Fast forward five weeks to Madison, Wisconsin, where Governor Scott Walker is asking the state’s public employees to start contributing to their own pension and health-care benefits and limit their collective bargaining rights to negotiations over pay rather than benefits. His plan is sparking furious protests, with demonstrators holding up signs saying “Heil Walker! Stop the Maniac,” accusing the Wisconsin governor of “exterminating union members,” and calling him a “Fascist Union Community Killer.” Governor Walker is referred to as “Governor Mubarak,” a “Midwest Mussolini,” “al Qaeda Scott,” with some slogans reading, “Scott Walker = Adolph Hitler.” (h/t: Ed Morrissey.)

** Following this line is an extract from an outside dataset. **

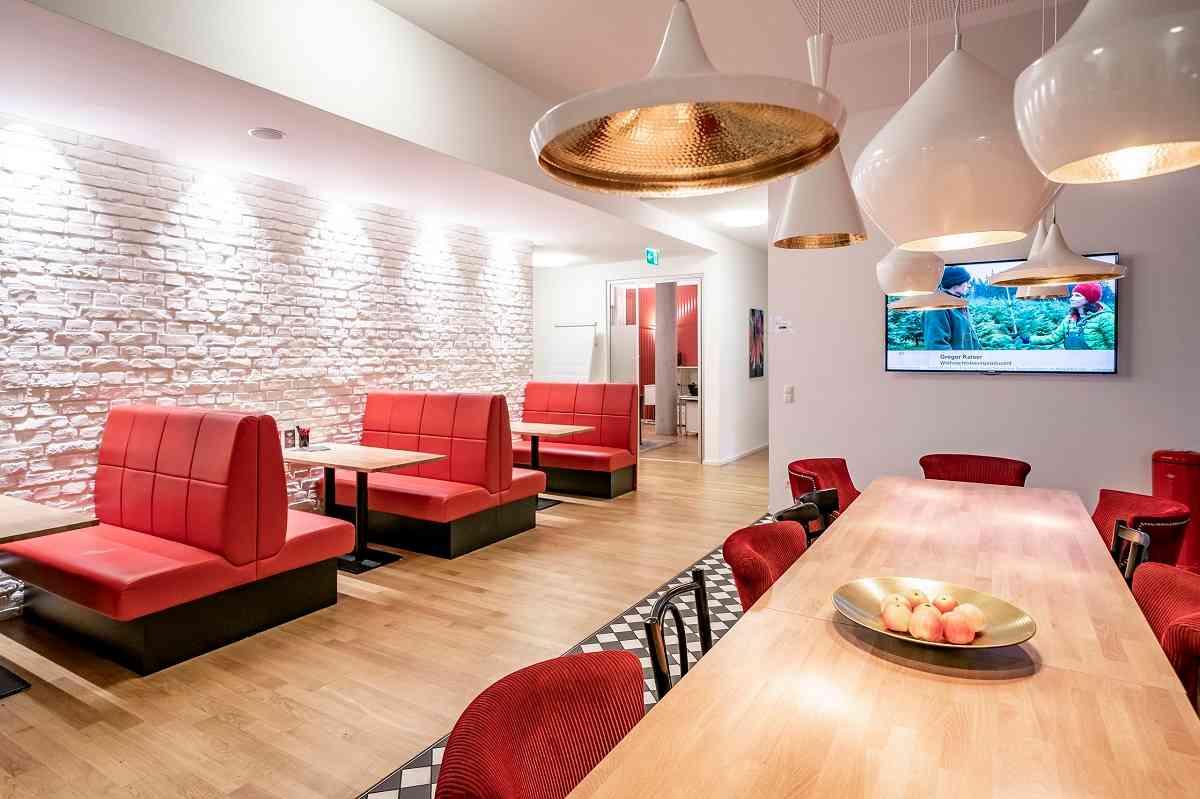 Breakout area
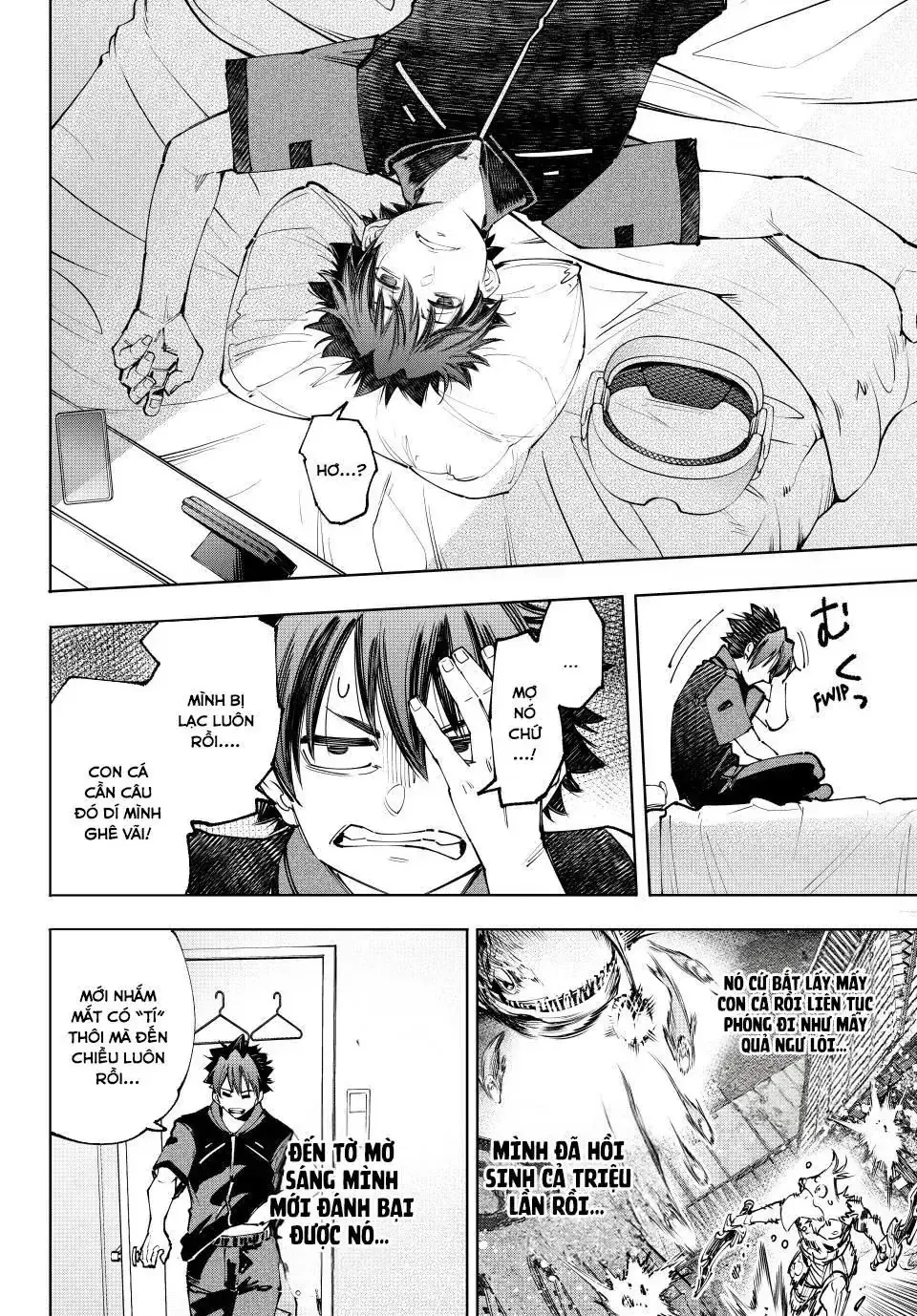 Shangri-La Frontier ~Kusoge Hunter, Kami-Gee Ni Idoman To Su~ Chapter 166 - Trang 12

As Jonathan and Alana have noted, this is pretty ugly stuff. So just where is the Liberal Civility Patrol when we really need them? Have Krugman, Packer, and Fallows condemned what we’re seeing in Madison? Where is the Washington Post’s Eugene Robinson, who has claimed, “the violent political rhetoric and the threat of political violence in this country comes almost exclusively from the right”? And what of E.J. Dionne, Jr., who has written, “The most surprising and disappointing aspect of our politics is how little pushback there has been against the vile, extremist rhetoric that has characterized such a large part of the anti-Obama movement”? Where are the earnest political commentators and news stories lamenting the inflammatory language that has become a steady undercurrent in the nation’s political culture?
The game that’s being played is obvious. Civility has no intrinsic worth for these individuals; it is merely another weapon in an endless political battle.
All of us in politics are susceptible to double standards. We tend to overlook serrated comments by those who share our ideological views and quickly cry foul when those on the other side of the political divide say incendiary things. If you’re a conservative you tend to point your finger at Keith Olbermann; if you’re a liberal you are more likely to focus your fire on Glenn Beck. That’s why it’s important to locate figures in both camps who possess some independence of thought and mind, who are capable of making relatively disinterested judgments about events, and who believe people should be held to roughly equal standards when it comes to rhetoric and actions. It was said of George MacDonald that he shied away from debate because he was always afraid that the justifying of one’s opinions in argument might outrun the desire to find the truth at the bottom of whatever question was under consideration.
People like MacDonald are hard to find, as the unsightly events in Madison are proving.